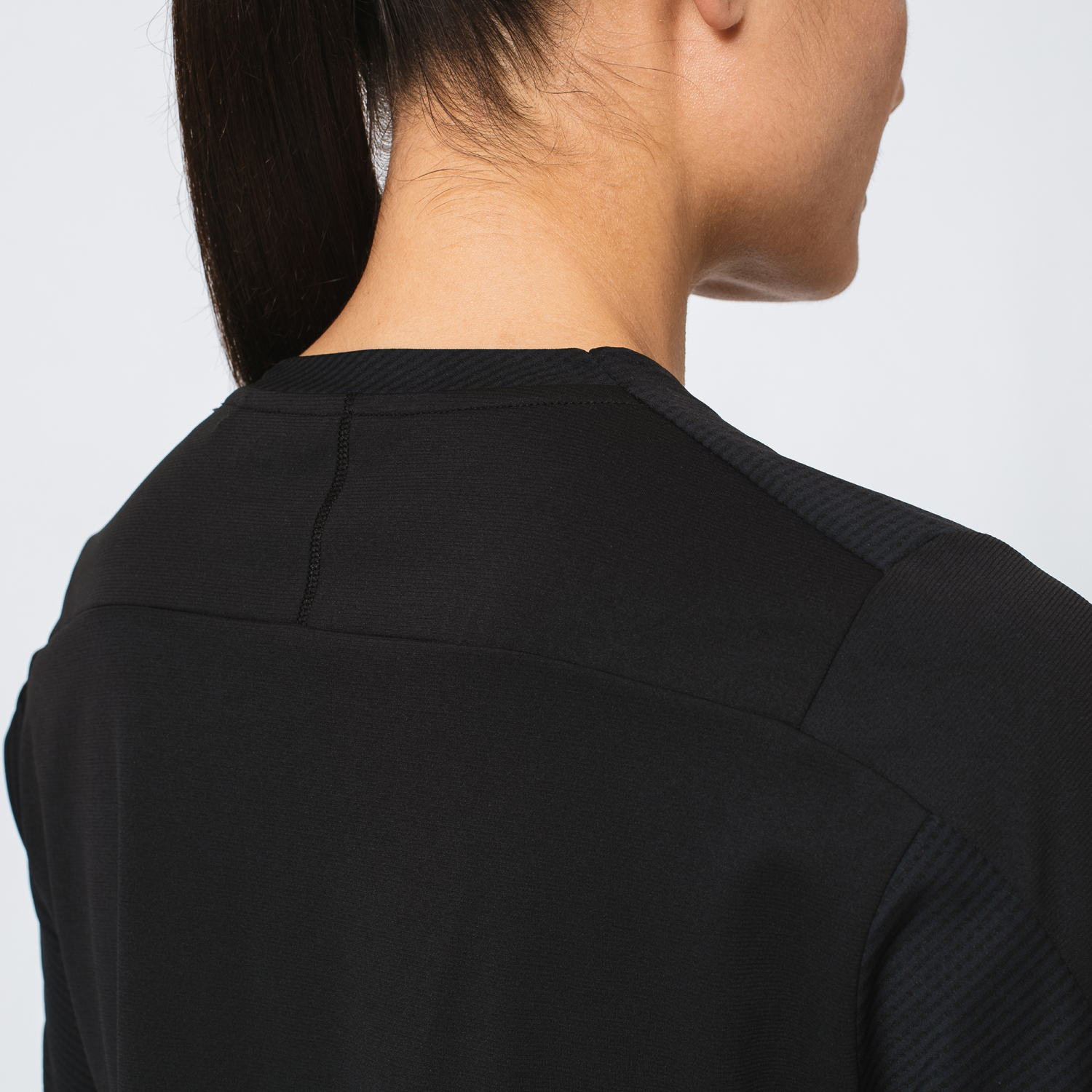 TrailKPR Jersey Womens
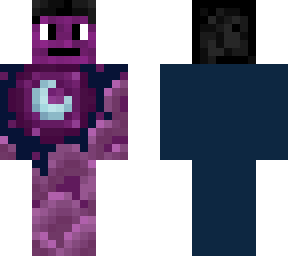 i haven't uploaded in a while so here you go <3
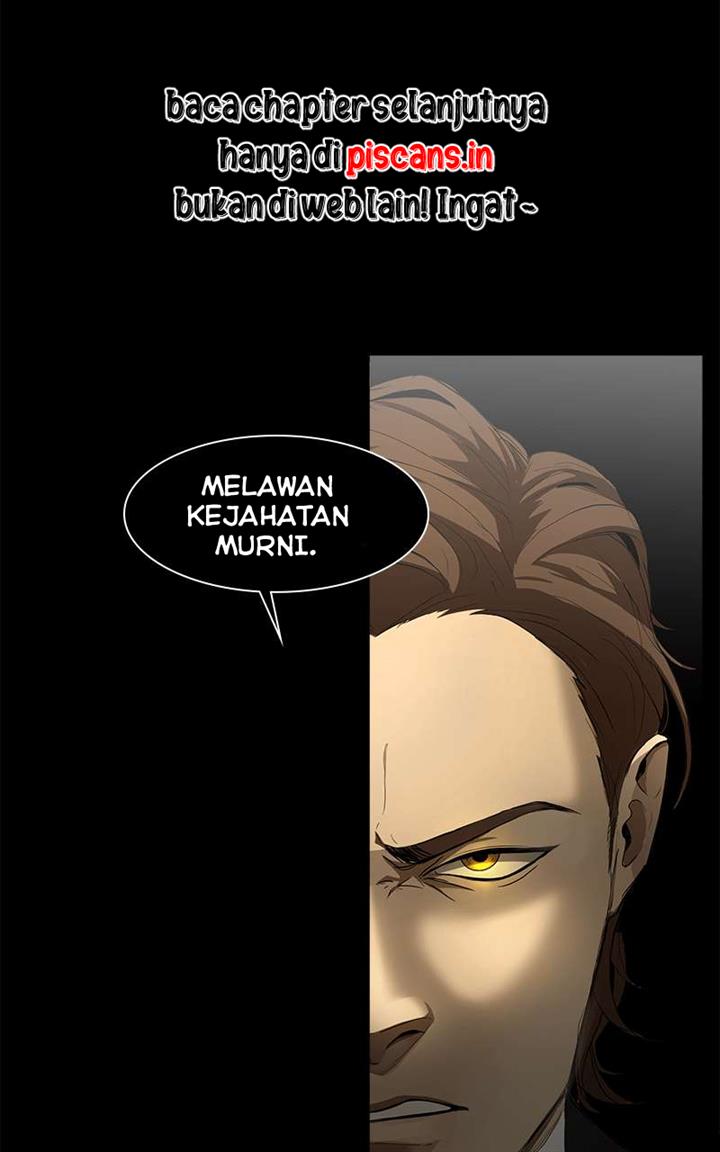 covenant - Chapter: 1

------------------------------------------------------------

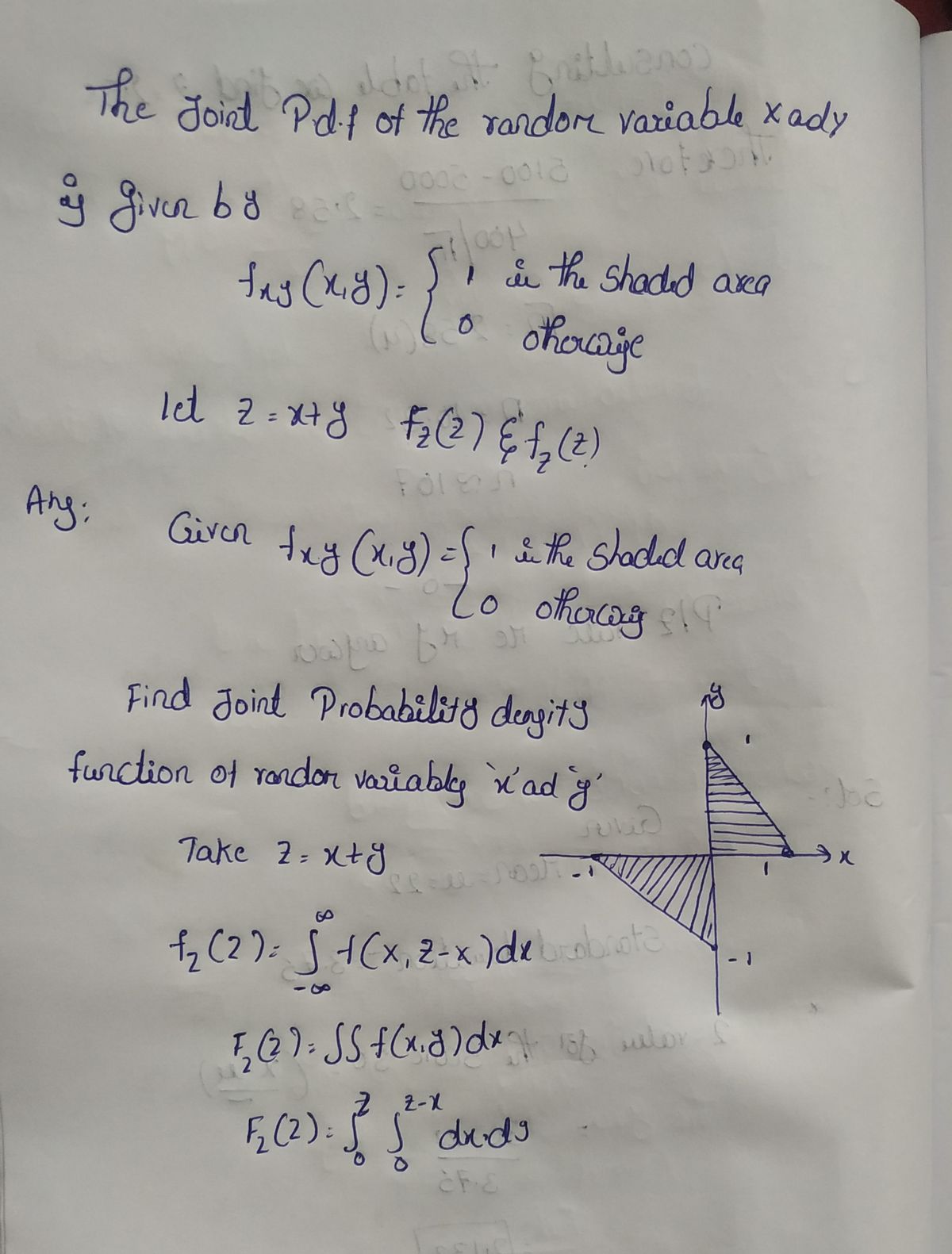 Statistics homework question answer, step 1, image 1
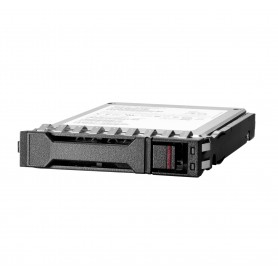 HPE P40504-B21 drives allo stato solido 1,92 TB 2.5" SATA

------------------------------------------------------------

Task directions:
The response must repeat exactly the lines above from the one with "Statistics homework question" through the one with "HPE P40504-B21 drives", including both, and must contain no pictures and no other text.

Reply:
 Statistics homework question answer, step 1, image 1
 HPE P40504-B21 drives allo stato solido 1,92 TB 2.5" SATA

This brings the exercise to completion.